White nationalists were long relegated to the fringe of American society, but in the past few years they’ve gained mainstream attention and even shown up on campuses in Arizona. Marcum-Ulgade said increased visibility given to those movements has been detrimental to the targets of their rhetoric.
“They’re trying to debunk years of work done to help migrants and help people of color,” Marcum-Ulgade said. “But now, this whole thing is popping up and we’re seeing more and more migrants, seeing people flee countries that are filled with war and poverty. It’s just messed up that we just don’t welcome them with open arms.”
With the rise of anti-immigrant rhetoric and white nationalism, Mexicans, indigenous people and people of color in hardcore community need a place to come together.
But not having an all-ages music venue as a staging ground for additional humanitarian events has been an obstacle for the local hardcore scene.
“That’s the biggest struggle in Tucson, the venues. We’ve had a lot of DIY venues, that literally never last and get shut down,” Perez said.
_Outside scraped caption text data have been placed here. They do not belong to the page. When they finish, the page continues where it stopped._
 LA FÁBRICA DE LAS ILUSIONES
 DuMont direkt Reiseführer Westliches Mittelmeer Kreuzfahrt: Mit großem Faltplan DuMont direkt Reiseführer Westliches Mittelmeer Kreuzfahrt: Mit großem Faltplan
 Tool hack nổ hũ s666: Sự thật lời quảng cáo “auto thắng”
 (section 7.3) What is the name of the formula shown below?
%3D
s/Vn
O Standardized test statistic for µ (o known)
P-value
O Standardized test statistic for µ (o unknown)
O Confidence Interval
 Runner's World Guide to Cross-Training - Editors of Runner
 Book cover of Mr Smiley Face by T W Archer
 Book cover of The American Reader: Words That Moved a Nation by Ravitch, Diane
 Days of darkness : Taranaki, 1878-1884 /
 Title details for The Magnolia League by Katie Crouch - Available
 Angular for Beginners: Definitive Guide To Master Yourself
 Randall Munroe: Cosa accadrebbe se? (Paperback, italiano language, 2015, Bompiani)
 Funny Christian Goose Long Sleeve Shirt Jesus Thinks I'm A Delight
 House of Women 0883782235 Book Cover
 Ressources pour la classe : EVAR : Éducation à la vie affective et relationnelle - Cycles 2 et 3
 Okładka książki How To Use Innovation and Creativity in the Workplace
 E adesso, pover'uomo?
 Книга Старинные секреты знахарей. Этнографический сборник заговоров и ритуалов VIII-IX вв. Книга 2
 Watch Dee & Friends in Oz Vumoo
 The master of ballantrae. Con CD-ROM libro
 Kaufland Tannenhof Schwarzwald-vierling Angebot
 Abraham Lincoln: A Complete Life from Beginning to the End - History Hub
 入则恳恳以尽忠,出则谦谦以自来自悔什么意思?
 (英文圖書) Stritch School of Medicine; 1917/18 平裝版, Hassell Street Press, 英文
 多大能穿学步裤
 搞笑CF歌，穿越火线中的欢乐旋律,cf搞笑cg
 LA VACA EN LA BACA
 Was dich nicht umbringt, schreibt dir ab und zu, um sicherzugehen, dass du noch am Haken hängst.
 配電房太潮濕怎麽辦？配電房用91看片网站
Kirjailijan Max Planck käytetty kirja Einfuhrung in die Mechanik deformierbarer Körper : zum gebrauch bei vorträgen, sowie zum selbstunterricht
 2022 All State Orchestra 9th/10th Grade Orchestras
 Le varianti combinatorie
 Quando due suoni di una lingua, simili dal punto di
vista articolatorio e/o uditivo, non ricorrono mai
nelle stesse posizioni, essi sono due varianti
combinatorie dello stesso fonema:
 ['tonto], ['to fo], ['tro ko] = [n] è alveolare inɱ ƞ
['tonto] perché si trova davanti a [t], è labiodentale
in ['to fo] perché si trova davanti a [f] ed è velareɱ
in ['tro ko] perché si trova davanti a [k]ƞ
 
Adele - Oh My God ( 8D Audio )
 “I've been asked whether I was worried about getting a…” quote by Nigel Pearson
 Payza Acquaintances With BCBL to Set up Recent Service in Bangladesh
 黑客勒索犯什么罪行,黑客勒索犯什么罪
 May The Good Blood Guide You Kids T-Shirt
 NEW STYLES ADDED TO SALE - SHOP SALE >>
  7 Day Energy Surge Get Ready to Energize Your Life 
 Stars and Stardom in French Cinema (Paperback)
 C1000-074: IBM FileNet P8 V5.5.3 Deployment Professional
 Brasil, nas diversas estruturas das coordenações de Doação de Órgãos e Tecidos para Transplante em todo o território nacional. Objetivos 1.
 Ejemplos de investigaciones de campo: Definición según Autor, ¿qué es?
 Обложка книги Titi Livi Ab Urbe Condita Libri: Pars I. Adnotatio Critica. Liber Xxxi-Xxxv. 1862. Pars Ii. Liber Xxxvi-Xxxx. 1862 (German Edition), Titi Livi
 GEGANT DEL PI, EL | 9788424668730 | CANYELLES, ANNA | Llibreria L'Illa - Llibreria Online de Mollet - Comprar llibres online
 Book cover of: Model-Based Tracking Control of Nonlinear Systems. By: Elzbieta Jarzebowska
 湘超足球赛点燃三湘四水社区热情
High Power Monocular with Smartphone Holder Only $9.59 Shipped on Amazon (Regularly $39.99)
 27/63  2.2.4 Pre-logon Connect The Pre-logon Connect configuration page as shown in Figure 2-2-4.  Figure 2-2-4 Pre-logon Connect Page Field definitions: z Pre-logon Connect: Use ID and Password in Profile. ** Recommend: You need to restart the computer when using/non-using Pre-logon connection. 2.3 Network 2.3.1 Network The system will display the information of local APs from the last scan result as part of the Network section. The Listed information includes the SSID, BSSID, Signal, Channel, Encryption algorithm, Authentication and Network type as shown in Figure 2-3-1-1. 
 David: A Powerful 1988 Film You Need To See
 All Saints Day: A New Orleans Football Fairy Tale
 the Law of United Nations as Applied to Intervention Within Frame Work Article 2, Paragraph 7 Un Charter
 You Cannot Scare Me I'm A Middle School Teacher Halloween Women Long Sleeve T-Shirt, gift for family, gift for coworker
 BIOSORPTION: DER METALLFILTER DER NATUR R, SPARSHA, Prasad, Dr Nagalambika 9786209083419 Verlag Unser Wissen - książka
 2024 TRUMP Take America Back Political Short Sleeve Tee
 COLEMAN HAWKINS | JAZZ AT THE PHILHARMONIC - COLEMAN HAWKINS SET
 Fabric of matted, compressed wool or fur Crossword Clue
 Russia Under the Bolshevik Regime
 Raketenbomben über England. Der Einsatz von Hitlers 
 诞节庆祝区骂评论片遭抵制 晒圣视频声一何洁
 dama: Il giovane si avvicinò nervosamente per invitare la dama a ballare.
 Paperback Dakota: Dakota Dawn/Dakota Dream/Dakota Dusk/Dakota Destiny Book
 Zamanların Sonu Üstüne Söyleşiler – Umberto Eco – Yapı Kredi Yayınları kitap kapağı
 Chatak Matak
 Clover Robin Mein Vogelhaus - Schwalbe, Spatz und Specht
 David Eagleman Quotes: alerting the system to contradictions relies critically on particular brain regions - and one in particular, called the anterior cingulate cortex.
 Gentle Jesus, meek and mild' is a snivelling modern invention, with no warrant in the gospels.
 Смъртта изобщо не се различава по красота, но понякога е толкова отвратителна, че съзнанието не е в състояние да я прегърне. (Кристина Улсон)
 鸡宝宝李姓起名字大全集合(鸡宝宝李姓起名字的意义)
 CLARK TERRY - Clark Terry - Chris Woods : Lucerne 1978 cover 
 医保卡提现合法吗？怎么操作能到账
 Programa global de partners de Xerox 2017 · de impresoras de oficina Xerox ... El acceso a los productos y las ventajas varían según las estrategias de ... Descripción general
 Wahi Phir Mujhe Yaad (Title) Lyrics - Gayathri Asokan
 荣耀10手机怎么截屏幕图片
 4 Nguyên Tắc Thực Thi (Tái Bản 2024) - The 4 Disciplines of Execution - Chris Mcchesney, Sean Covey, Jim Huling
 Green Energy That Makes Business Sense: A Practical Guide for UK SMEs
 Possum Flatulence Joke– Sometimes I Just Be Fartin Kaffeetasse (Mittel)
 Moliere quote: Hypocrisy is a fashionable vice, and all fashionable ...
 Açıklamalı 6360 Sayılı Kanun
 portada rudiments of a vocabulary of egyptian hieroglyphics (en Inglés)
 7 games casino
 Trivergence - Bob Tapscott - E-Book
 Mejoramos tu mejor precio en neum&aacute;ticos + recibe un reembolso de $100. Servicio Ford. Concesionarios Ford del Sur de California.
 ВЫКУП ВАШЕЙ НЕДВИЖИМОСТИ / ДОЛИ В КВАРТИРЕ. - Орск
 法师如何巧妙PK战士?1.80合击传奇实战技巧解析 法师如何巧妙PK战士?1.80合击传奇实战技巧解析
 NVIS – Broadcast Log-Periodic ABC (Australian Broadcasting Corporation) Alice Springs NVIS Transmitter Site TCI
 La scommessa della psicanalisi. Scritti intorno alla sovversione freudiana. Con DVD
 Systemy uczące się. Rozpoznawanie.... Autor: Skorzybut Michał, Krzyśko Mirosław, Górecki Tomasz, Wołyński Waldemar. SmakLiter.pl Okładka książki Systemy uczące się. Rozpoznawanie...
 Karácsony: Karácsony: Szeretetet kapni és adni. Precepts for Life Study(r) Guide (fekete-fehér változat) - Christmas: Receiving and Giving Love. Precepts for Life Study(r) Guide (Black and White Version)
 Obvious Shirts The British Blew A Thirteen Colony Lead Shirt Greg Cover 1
Moreno agreed there aren’t enough venues in Tucson, and “the main thing I want to see in Tucson is our own venue.”
Those wishes came true in March, when Luis Ferre and Raul Portillo opened Ward6, a DIY music venue in south Tucson. Ferre said it’s one of the few all-ages spots where smaller shows can be staged.
That lack of venues alienates younger hardcore fans, he said, especially those who need a safe space to express themselves.
“Sometimes, this is all they have. Especially with their family situations, what they might have going on a home, this is where their family is,” Ferre said, “because some kids need this place more than others, especially here in the southside.”
But running a music venue is something completely new for Ferre and Portillo.
“I’ve never done anything entrepreneurial in my whole life,” Ferre said. “This is the first time I’ve ever done something like that, and it’s been going pretty smooth so far.”
But the struggle is worth is as Ferre said it was important for young people in the hardcore community of Tucson to see two people of color successfully running a business. Ferre said it’s important to demonstrate to the youth that “they have the option to start their own businesses if they wanted to as well.”